In my first blog on the superfood diet to fight and prevent cancer, I addressed juicing and smoothies/shakes as an easy and convenient way to make greens and fruits the mainstay of your diet. If you start your day with a juice or smoothie that includes at least 2-3 servings of greens, you are well on your way to an anti-cancer diet. In part 2, I’d like to highlight key ingredients for a super salad you can enjoy for lunch or dinner.
This comparative study demonstrated the antiproliferative and antioxidant activities of vegetables. Of the common vegetables studied, garlic (part of the Allium family) showed the most anti-cancer activity. In this lab study, garlic stopped growth in all tumor cell lines investigated – breast, brain, lung, pancreatic, prostate, brain and stomach cancer. Leeks (also part of the Allium family), cruciferous vegetables (broccoli, brussels sprouts, cauliflower, etc.), spinach and beets also showed cancer stopping power. So the inclusion of allium, cruciferous, root and green vegetables is an important and tasty element of the anti-cancer diet.
So I would start with some greens like kale, spinach, watercress, arugula – then add some cruciferous vegetables like broccoli, broccoli sprouts, cabbage. There are several reasons why cruciferous vegetables are so good for you:
- They have an active compound called Indole-3-carbinol which is known to be an immune booster and has been studied for its anti-tumor properties.
- They also contain sulforaphanes – these are sulfur-based compounds that have been studied for their chemopreventive activities.
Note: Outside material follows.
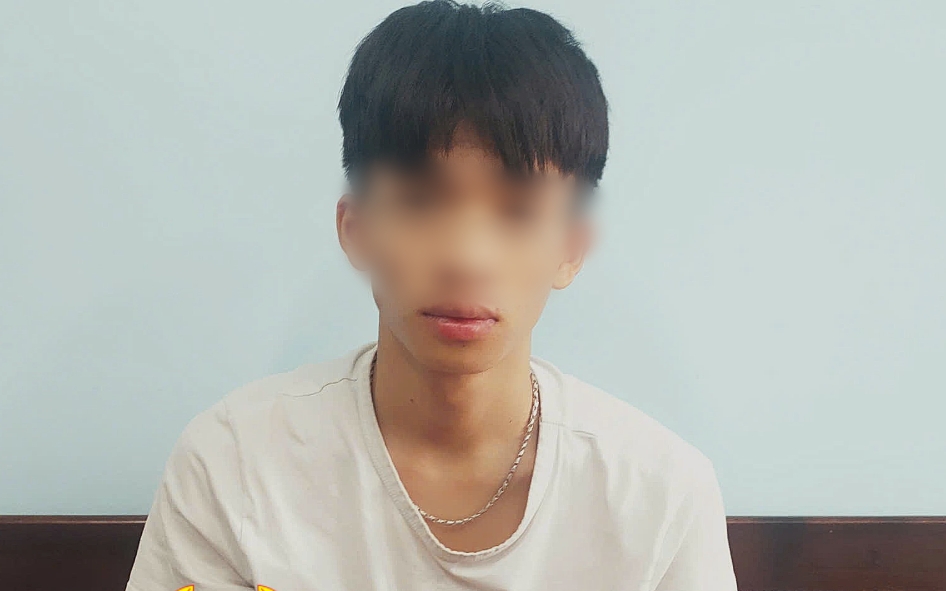 Đặc nhiệm Hình sự Công an TP HCM giải cứu thành công nam sinh bị "bắt cóc online" - Ảnh 2.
- Broccoli sprouts are considered to have 25X more sulforaphanes and 100X more indole-3-carbinol than regular broccoli. If you want to supercharge, you can purchase them in your local health store or grow your own. I keep my diet simple and stick to eating standard cruciferous vegetables but it’s an option if you’d like to try.
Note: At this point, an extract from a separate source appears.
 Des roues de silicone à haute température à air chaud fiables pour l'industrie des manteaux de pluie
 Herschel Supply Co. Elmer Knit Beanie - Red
Add to the salad some beans – this versatile plant protein contains a compound called IP-6 and has also been studied for its anti-cancer properties. If you can, try sprouted beans as sprouting them unlocks the enzymes and amps up the nutrition.
Next, add some immune boosting and anti-inflammatory mushrooms. They have been shown to suppress aromatase (which promotes breast cancer) better than any other vegetable. Also, one cup of white button mushrooms has been shown to accelerate the secretion of immune system antibodies in saliva by 50% to improve mucosal immunity.
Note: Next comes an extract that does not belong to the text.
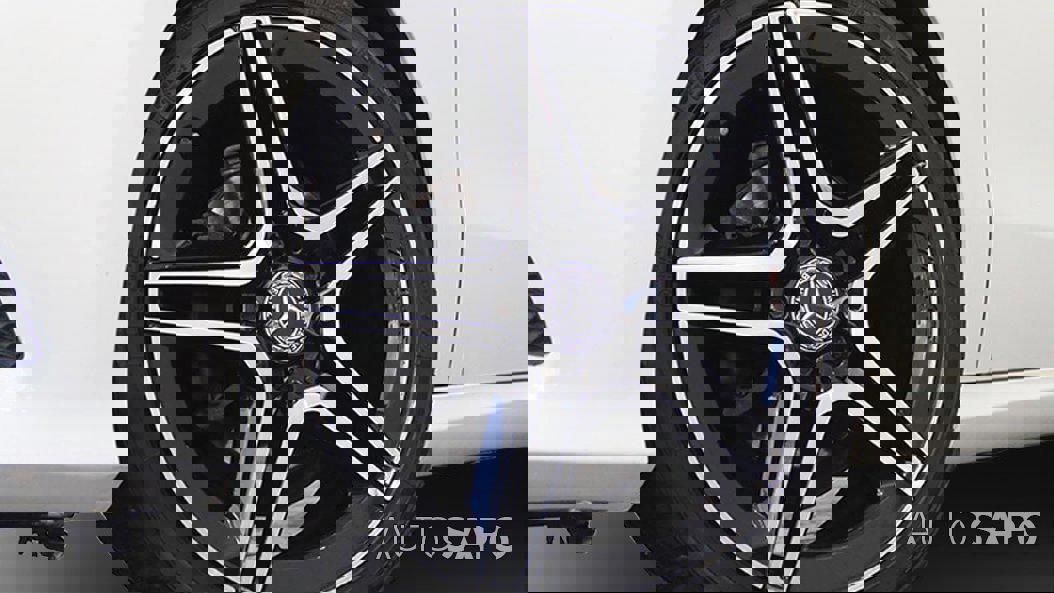 Mercedes-Benz Classe A 180 CDi B.E. Auto de 2016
To top it off, throw in some healthy nuts (almonds, walnuts), an avocado (best source of mono-unsaturated fatty acids) and you’re ready for the dressing.
For convenience, make enough salad and dressing for several days – keep the toppings separate from the greens and toss with dressing when ready to serve.
For salad dressings, it’s best to use extra virgin olive oil or organic flax oil. Olive oil has an active compound called oleocanthal which has been studied for inflammation, cancers and neurodegenerative diseases.
Flax oil is rich in omega-3 fatty acids and shown to inhibit in vitro proliferation of human cancer cells.
You can mix the olive oil with organic apple cider vinegar (which is a good source of probiotics, potassium and enzymes), lemon, garlic and spices to your liking. Make sure the spices are organic and purchased in small quantities as potency will decline with cabinet aging.
- Turmeric is one of the most potent anticancer spices as it contains the active compound curcumin. Studies have shown that curcumin inhibits cell mutation, metastasis, and tumor growth without negatively impacting healthy cells. Just remember to add some black pepper when using turmeric. The active compound in black pepper called piperine, is known to increase the bioavailability of the curcuminoids in turmeric.
- Oregano is a potent anti-microbial and antioxidant, contains vitamin K, iron and the flavonoid quercetin.
- Cayenne Pepper – These hot peppers contain capsaicin which also exhibit anti-cancer activity by altering the expression of genes involved in cancer growth angiogenesis and metastasis.
- Black Cumin – Known as nigella sativa and used for centuries throughout the world as a natural remedy, this amazing spice has been studied for its anti-cancer, apoptotic effect, antitumor, antioxidant and malignancy properties. Also sold as black seed oil, it has a nice peppery flavor and can be a great addition to your salad dressing.